As a noted funster, this had to be logged.
- Lost in Translation: Maybe Samurai Shodown is supposed to be funny, but got lost in translation? Like, there are some goofy, tropey fighters skulking around, and maybe their intrinsic humor doesn’t come through in a different culture. Nicotine Caffeine has to have something going on here.
- The Black Swan: Iroha is a scantily clad maid premiering in Samurai Shodown 6. She was previously a swan, but transformed into a woman wielding guillotines so as to get closer to her master. And that master? They are supposed to be the player. So, yes, this character is a walking fetish in more ways than one. Is it any wonder she got her own spin off game, and was some of the earliest DLC for the latest Samurai Shodown?

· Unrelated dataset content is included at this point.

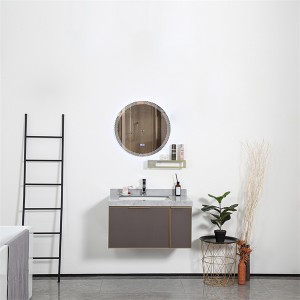 Ukiran kayu pepejal moden Kabinet bilik mandi dengan warna coklat, rak aluminium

- Favorite Samurai Shodown Title: As if it was not obvious, Samurai Shodown 6 wins here. The recently released Samurai Shodown 5 Gold is very close to 6’s complete nonsense, but, to my knowledge, you cannot play as a dog in Gold. You can do that in 6. Twice.
- Did you know? The one character that had been previously playable but is not in Samurai Shodown 6 is Hikyaku, the delivery man that runs through the background in other Shodown titles. He was playable in the Gameboy port of Samurai Shodown as a bonus for anyone that deigned to play a Neo Geo fighting game on the friggen’ Gameboy, but was never available on a big boy system. If you are unfamiliar with the Samurai Shodown franchise, just imagine a playable version of the postman from The Legend of Zelda: Ocarina of Time or Majora’s Mask. This is also a likely explanation for why he was never seen again.
- Would I play again: There are so many good fighting games out there! Maybe I’ll hit the modern SamSho when all the DLC is on sale/includes my boy.
What’s next? Random ROB has chosen… The Misadventures of Tron Bonne! We’re going to go on a misadventure, Miss Tron! Please look forward to it!